President Obama's strategy assumes that a negotiated arrangement with Iran, including a lifting of economic sanctions, will ultimately lead to the rise of an Iranian middle class demanding a more Western-oriented Iran that will, in turn, abandon its sponsorship of global terrorism. We saw a similar naivete and wishful thinking in the previous Republican administration when president George W. Bush's advisers assured us that toppling Saddam Hussein would not only transform Iraq (it did, but in the wrong direction) but also result in the Iraqi people welcoming us with bouquets of flowers. There were no roses to smell.

The hard reality when it comes to Iran suggests a different future. When do we reasonably expect that Iran will:
  • moderate its position on the U.S. as the "Great Satan"?
  • recognize Israel's right to exist?
  • stop calling for Israel's destruction?
  • agree to unrestricted inspections of its nuclear and military facilities?
  • stop lying about its intentions?
  • stop trying to circumvent existing sanctions?
  • stop its clandestine nuclear research and development?
  • comply with existing United Nations resolutions?
  • stop funding terrorist groups around the world?
  • manifest benign intentions with respect to its involvement in Syria, Iraq, and Yemen?

For almost four decades, Iran's leadership has not wavered. The current Iranian president and his predecessor have called for Israel's destruction, denied the Holocaust, and funded terrorist activities around the world. Iran's leadership -- secular as well as religious -- has a long-term, fundamentalist, and apocalyptic agenda that is relentlessly anti-Western when it comes to our values, our way of life, the importance of democratic institutions, and the model of our economic organization. Read their speeches; Iran's leaders are very straightforward and clear about their intentions. There is not one scintilla of evidence -- other than the naïve optimism of our president and Secretary of State -- that our future with Iran will be any different than our past.

Iran, moreover, is not Cuba, where the latter's Marxist economy has now finally spent its course and will, shortly, make way for market-oriented opportunities presented by trade, technology, and tourism.

The hallmark of a good negotiator is the capacity to put oneself in the shoes of one's opponent in order to understand what that opponent needs in order to achieve a compromise.

The hallmark of a bad negotiator is to assume that your opponent operates with the same set of assumptions and values that underlie your perspective. President Jimmy Carter made this mistake with the Soviet Union and suffered a rude awakening when the Soviets invaded Afghanistan in 1979.
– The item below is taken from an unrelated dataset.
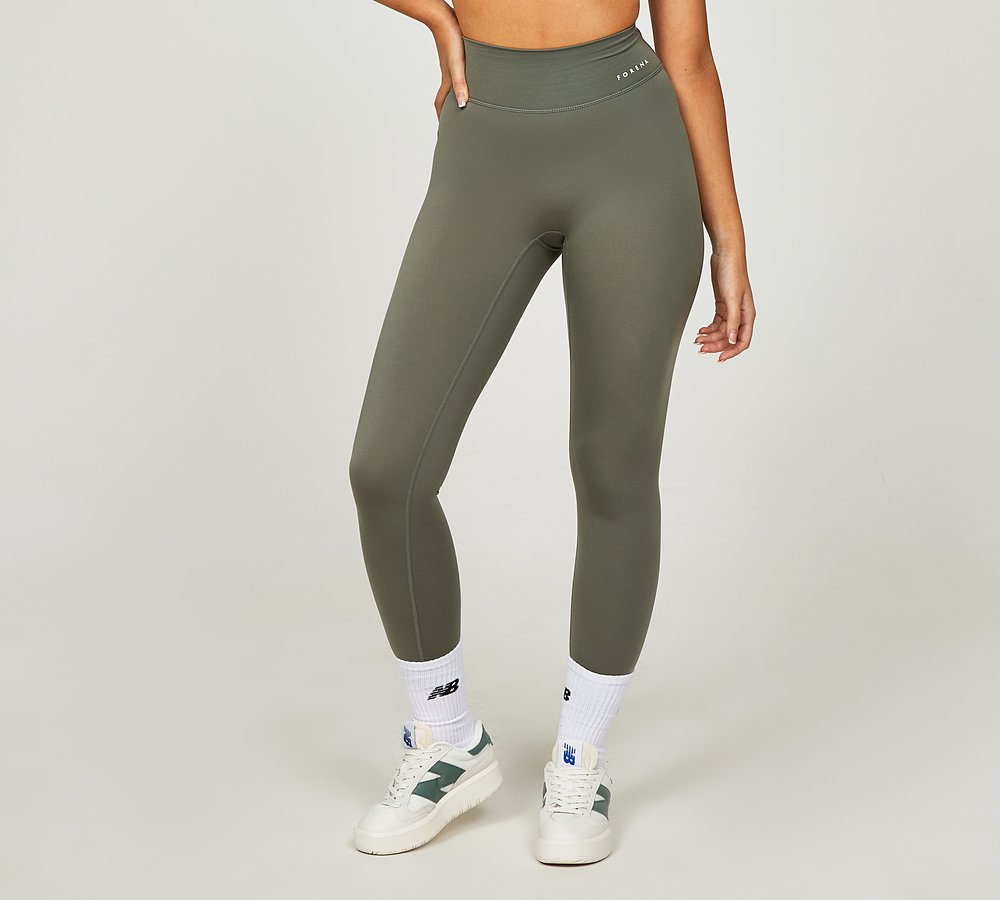 Forena Womens Soft Touch Seamless legging, Olive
Ronald Reagan did not repeat Carter's mistake when he met Mikhail Gorbachev in Reykjavik, Iceland, in October 1986. The Reykjavik arms-reduction talks collapsed, and Reagan was willing to walk away without a deal. His steadiness and resolve, as recounted in Ken Adelman's remarkable 2014 book, Reagan At Reykjavik: Forty-eight Hours that Ended the Cold War, were key to his ability some months later to conclude a major arms-reduction agreement with his Soviet counterpart.

It is important that the U.S. Senate will now have an opportunity to review and vote upon whatever final agreement might be reached next month with Iran. We must hope that the Senate takes a close, hard, and pragmatic look at this agreement and judges it not on the basis of future promises by the Iranian government but on the basis of our actual experience.

The American president, at any moment of the day or night, is just seconds away from an aide who carries what is known as the "football," a briefcase chained to his wrist containing the launch authentication codes used by the president to begin a nuclear strike. Ask yourself whether the world will be any safer if a similar "football" shows up soon in Tehran.

Charles Kolb served as Deputy Assistant to the President for Domestic Policy from 1990-1992 in the George H.W. Bush White House. He was president of the French-American Foundation--United States from 2012-2014 and president of the Committee for Economic Development from 1997-2012.